Legislators have been battling much of this week over whether a proposed tax reform plan would raise taxes. House leaders have also indicated that a leadership crisis in the Senate has played a role in the holdup.

The plan the Republicans proposed would reduce the state income tax from 6 percent to 4.5 percent. But it also would eliminate some deductions for charitable donations, and add taxes on auto repair and telecommunication services.

Democrats say the plan would cut taxes for people with lower incomes, and the wealthy, but not the people in between. House minority leader, Rep. Stacey Abrams, brought this to the attention of Republican lawmakers at a committee meeting Tuesday afternoon. The committee, nonetheless, approved the plan and expected a House vote on Wednesday.

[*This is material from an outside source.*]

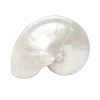 🐚 Эмодзи «летний вайб» для Telegram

But Republicans were forced to agree with Abrams late Wednesday evening.

“As Rep. Abrams pointed out, there was a gap of people in there that were going to have tax increases," said Senate President Pro Tempore Tommie Williams of Lyons, a Republican. "And we’re not about putting tax increases on middle incomes so we’re making some changes so that that bracket of people would not be incurring tax increases.”

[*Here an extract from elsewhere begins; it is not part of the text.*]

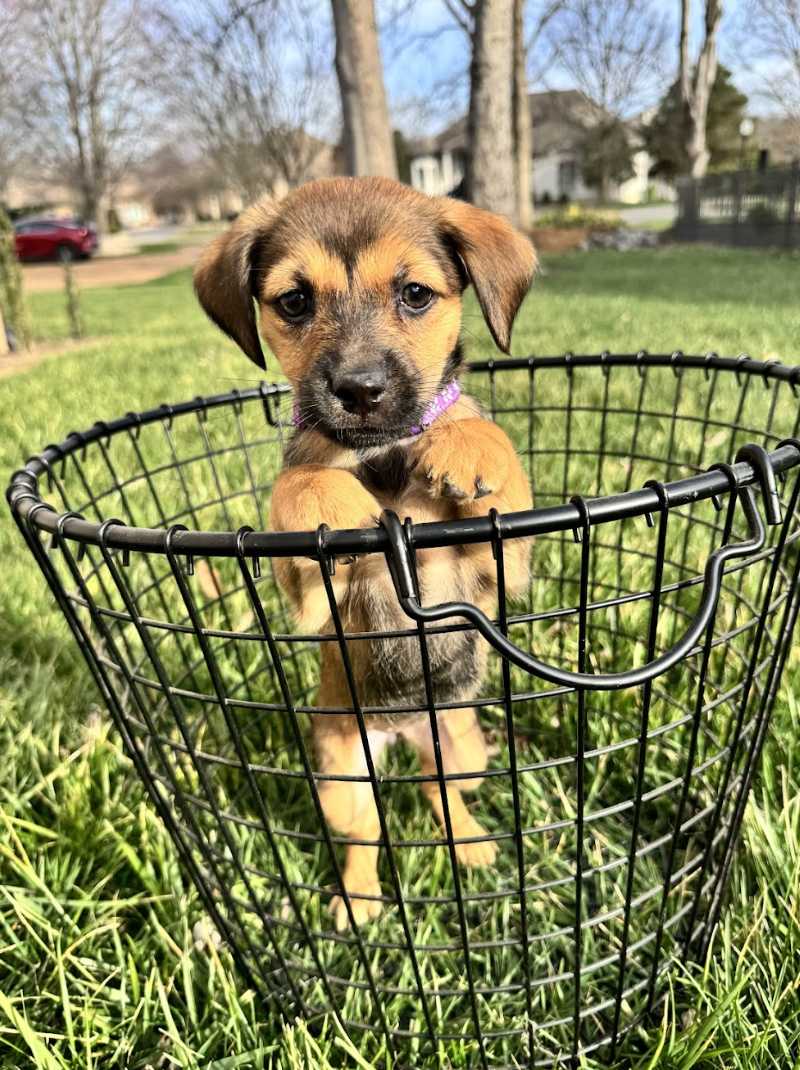 Screenshot 2026-01-17 at 2.49.28 PM.png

Rep. Larry O’Neal of Bonaire, the House majority leader, said since then, lawmakers have been running the numbers to ensure every resident gets a tax cut.

“So many different circumstances exist with literally almost every single Georgian," he said, explaining the holdup. "We had four million tax filers in 2005, and you almost have to run four million scenarios.”

Republicans announced last year that they wanted to rewrite the state’s tax code. But they've rejected most of the proposals that the tax council they formed suggested. Most notably, they scrapped a proposed grocery sales tax.

Late Thursday, Speaker of the House, David Ralston, a Republican, said it would be helpful if Senate Republicans clarified their leadership structure. He said "their little experiment" was preventing legislators from moving forward with the tax reform plan.

After being sworn in in January, Republican senators abruptly stripped Lieutenant Governor Casey Cagle, also a Republican, of the power to make committee member assignments. Instead, they decided that those assignments would be made by a committee of eight Republican Senators.

The legislature was set to convene on Friday. But late Thursday they cancelled Friday's session, and instead decided they would return a day early from Spring break and reconvene on April 11.

The House and the Senate will need to approve the tax reform plan by April 14 when this year’s legislative session ends.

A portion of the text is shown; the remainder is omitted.